**DATA EXTRACTS**

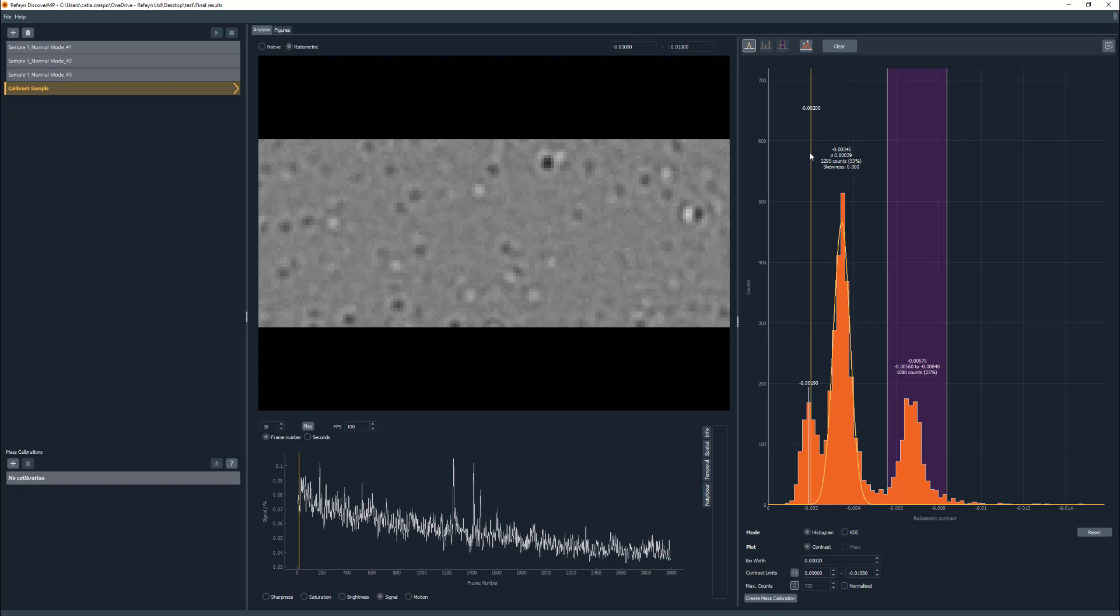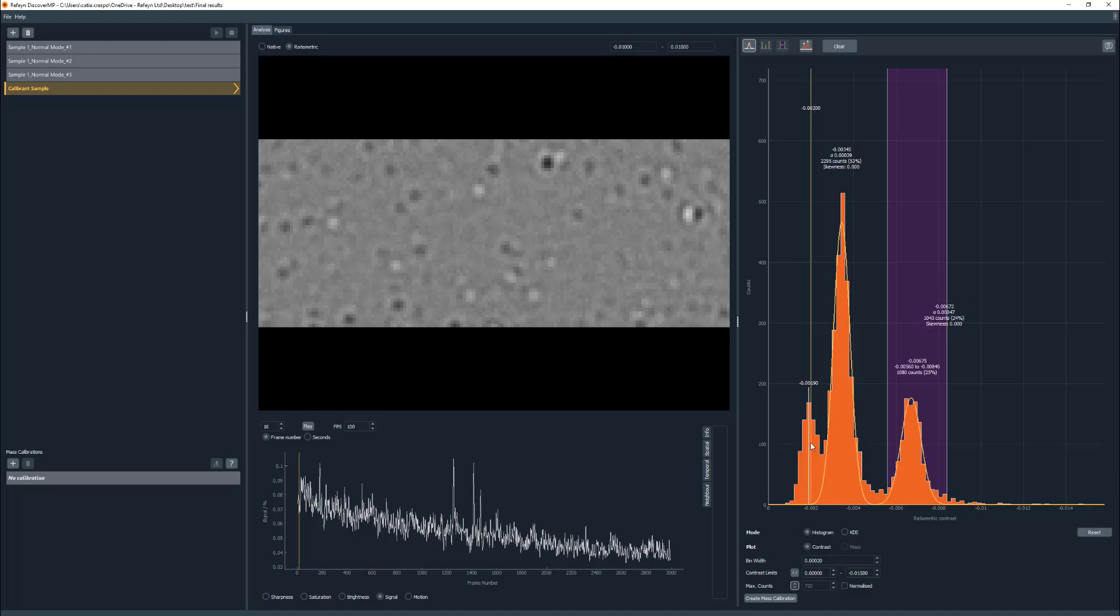The second way to fit the Gaussian is a double-click near the peak of interest. The software will then make a best guess for the Gaussian fit. This, as well as the automated peak fitting, is more reproducible and will fit the same peak each time and not depend on the interval selected.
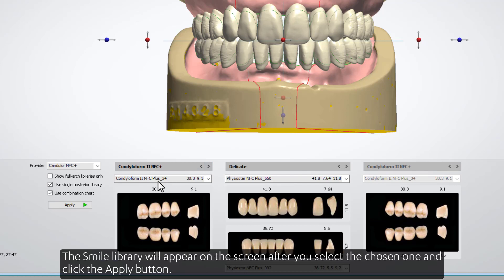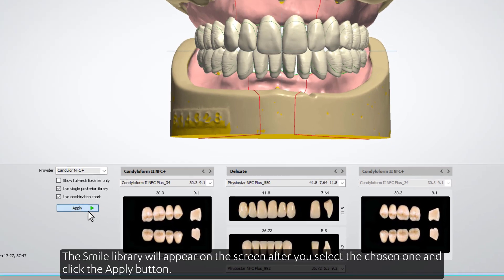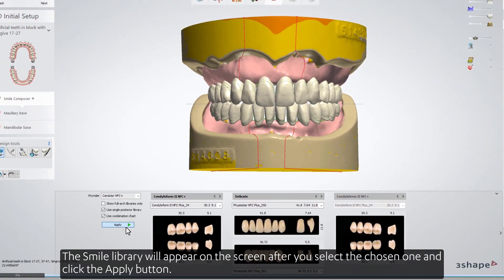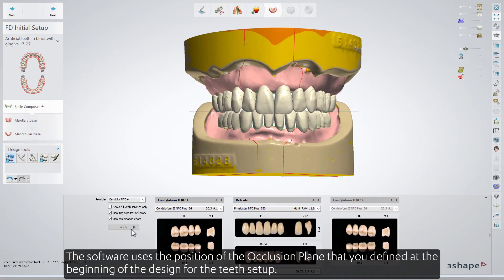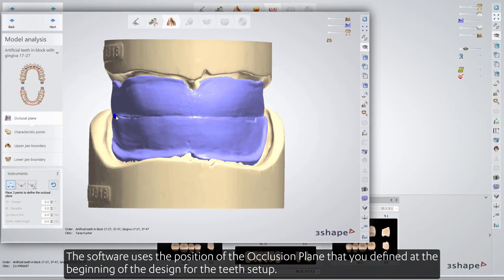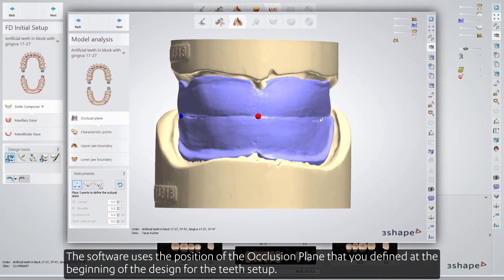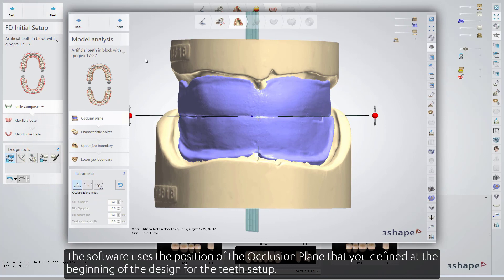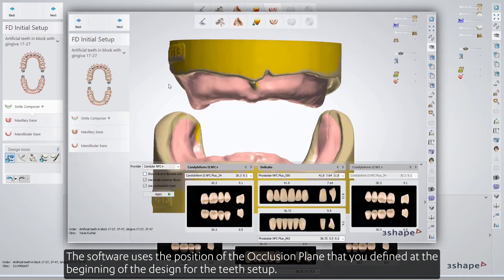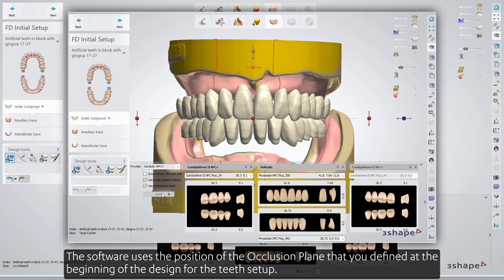The Smile Library will appear on screen after you select the chosen one and click the Apply button. The software uses the position of the occlusion plane that you defined at the beginning of the design for the teeth setup.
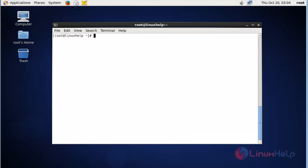Now first, I'm going to install the Java package. Run this command to install the Java package in your CentOS machine. Press enter to continue.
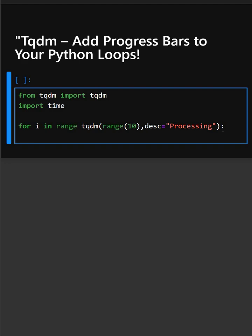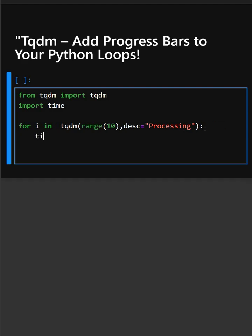And time.sleep 0.5 simulates a task, so you can see the bar moving.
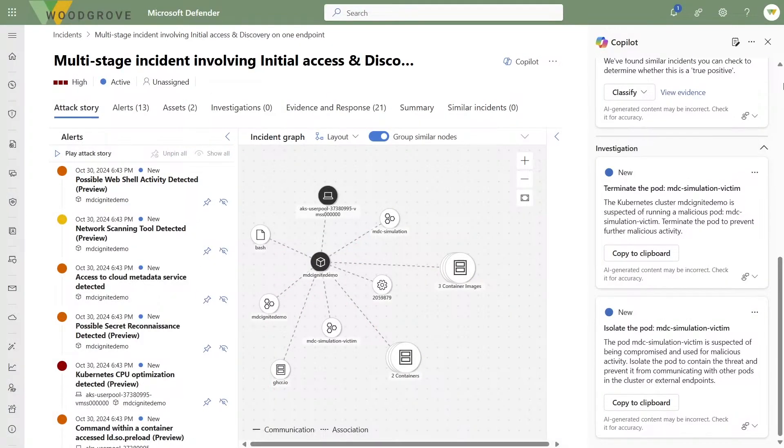Before we do something with the pod, it's critical to provide the right context for the analyst. Together with our researchers and customers, we identified a few very important points of context critical to making the right decision — for example, should I terminate this pod or not? One point is the operational status of the container. Containers are ephemeral entities, so sometimes they are live and sometimes not. It's very important for the analyst to know if a container is still running in the customer environment and should be isolated or terminated. The same goes for ownership details and other very specific details for containers.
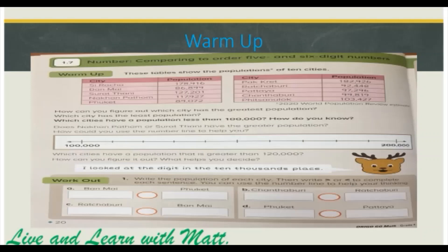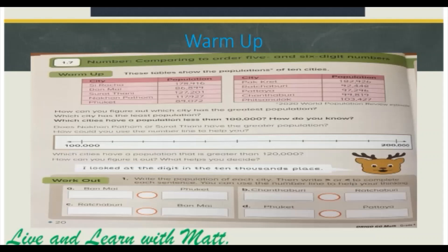Which city has the least population? We have to compare the digits starting from the greatest digits, and the greatest digit in this number is 100,000. So which cities have a population less than 100,000? Bangmai, Phuket, and Rajburi have less than 100,000.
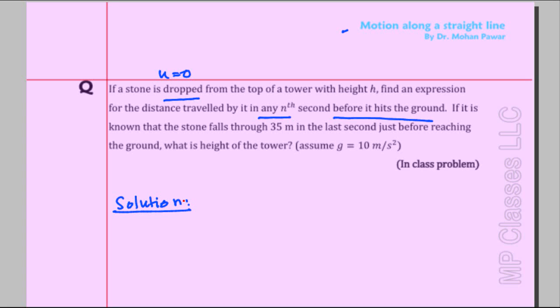The problem says a stone is dropped from the top of the tower, and we are asked to find the expression for distance traveled in the nth second. Before going into algebra, suppose the problem had enough data and asked: what is the distance traveled in, say, the fifth second? That is the distance traveled in five seconds minus the distance traveled in the first four seconds.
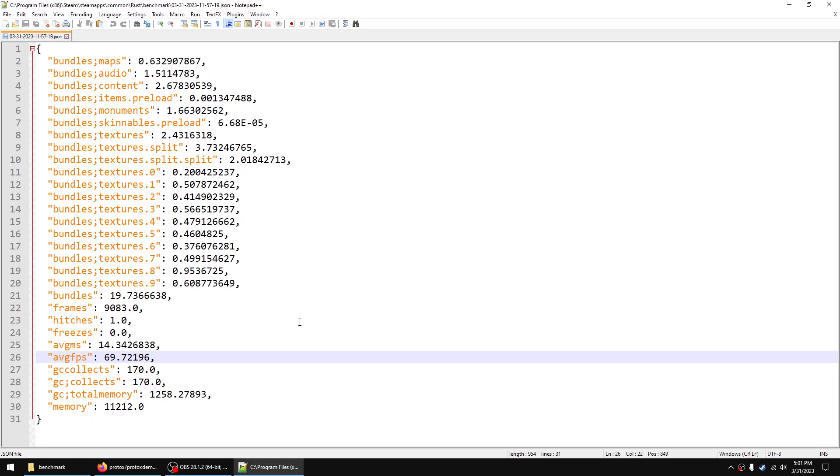On line 26 approximately, you'll get your average FPS.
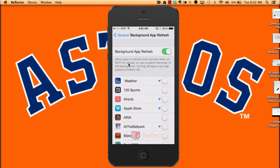Anything you leave on — it tells you right at the top — allows apps to refresh their content when on Wi-Fi or cellular, or use your location services in the background. When you turn off each one you don't need, you're going to save a lot of battery.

**WHAT YOU WILL DO**
Give back exactly the lines of the listing above from the one that contains "And time.sleep 0.5" up to and including the one that contains "Before we do", but not the pictures, and no other lines.

**RESPONSE BELOW**
And time.sleep 0.5 simulates a task, so you can see the bar moving.
Before we do something with the pod, it's critical to provide the right context for the analyst. Together with our researchers and customers, we identified a few very important points of context critical to making the right decision — for example, should I terminate this pod or not? One point is the operational status of the container. Containers are ephemeral entities, so sometimes they are live and sometimes not. It's very important for the analyst to know if a container is still running in the customer environment and should be isolated or terminated. The same goes for ownership details and other very specific details for containers.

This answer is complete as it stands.